De Bridgerton a A Idade Dourada: como o sistema de sinais (+ e -) torna a crítica de séries mais humana
Séries
De Bridgerton a A Idade Dourada: como o sistema de sinais (+ e -) torna a crítica de séries mais humana
17 de abril de 2026 at 12:01 0
Criei um Gem no Gemini para organizar fichas técnicas de séries, com informações detalhadas sobre direção, lançamento e formato. Nas sugestões abaixo, as fichas foram geradas pela IA, enquanto os comentários e as notas refletem a minha opinião pessoal. A ideia é compartilhar algumas dicas das séries que tenho assistido. Já tinha feito a mesma coisa aqui. Agora só mudei um detalhe: estou usando notas no esquema 1-, 1, 1+, 2-, 2, 2+, 3- e assim por diante. Segundo o Gemini: “Muitos educadores defendem que o sistema de sinais é mais humano e pedagógico:
  • Um 10- diz ao aluno: ‘Seu trabalho foi perfeito, mas houve um erro de descuido’.

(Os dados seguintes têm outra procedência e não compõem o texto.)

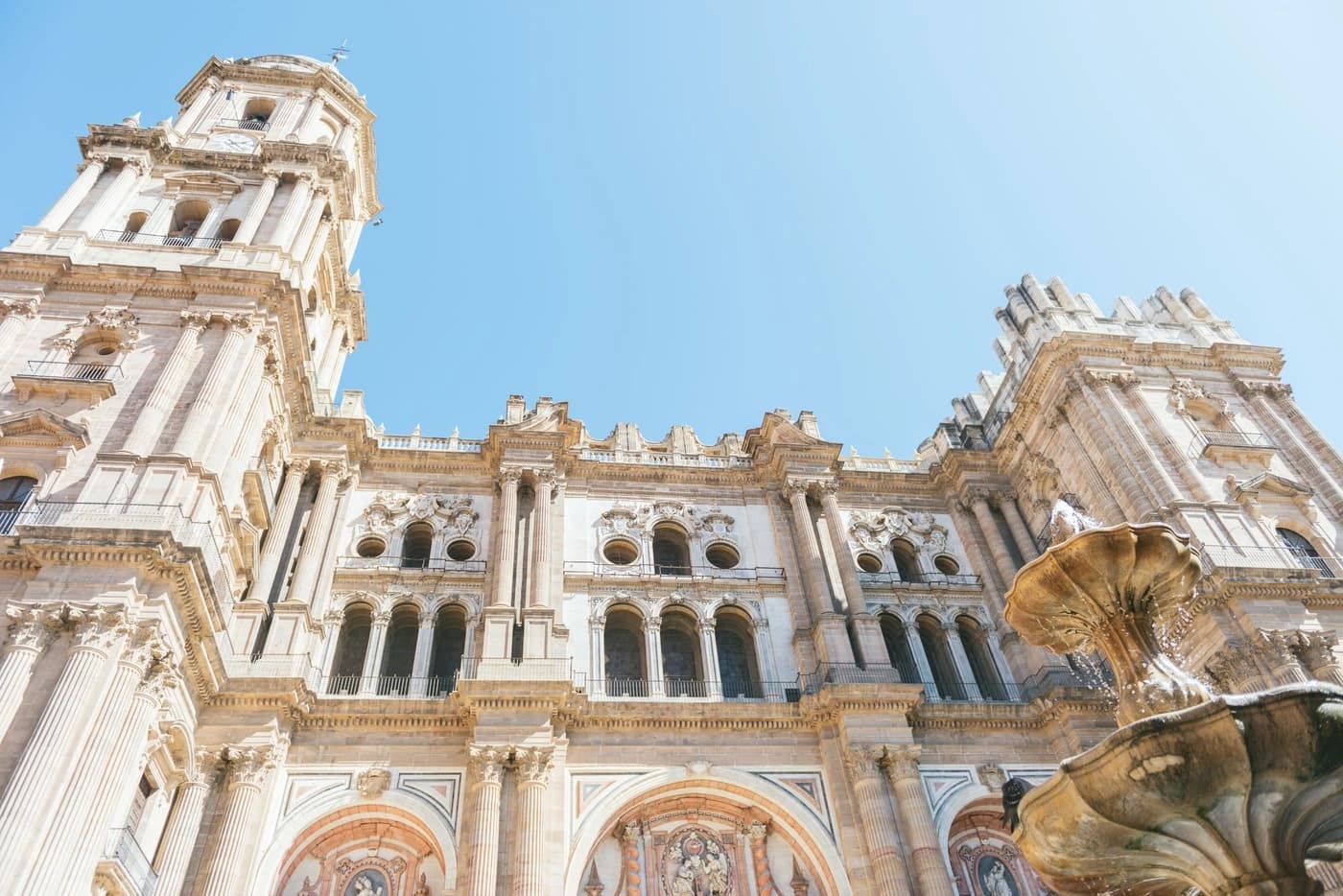 Grupo de turistas en free tour por la Alcazaba de Málaga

  • Um 9,7 parece apenas um cálculo matemático frio. O sinal de minus (-) em uma nota alta como o 10- serve especificamente para 'puxar a orelha' de um aluno excelente, indicando que ele atingiu a nota máxima, mas não de forma impecável.”
Não sabia anteriormente desta interpretação, mas realmente para mim 10- é bem mais legal que 9,7. Mais um detalhe: nota 10, para mim, é só para Arquivo X, sobre quem comentei no meu livro “Rua Paraíba”, e para a primeira temporada de Handmaid’s Tale (obrigado, Alvaro Augusto de Almeida, pela pergunta que você me fez um tempo atrás). Pode ser que eu venha a gostar tanto de uma série quanto uma dessas duas, mas por enquanto a minha maior nota é 10- mesmo. Vamos aos textos sobre as séries: Bridgerton (2020), Bridgerton, Chris Van Dusen (Criador/Showrunner), Nicola Coughlan, Luke Newton, Julie Andrews, Adjoa Andoh, Golda Rosheuvel, EUA. 3 temporadas (8 episódios por temporada), 60 minutos. Netflix.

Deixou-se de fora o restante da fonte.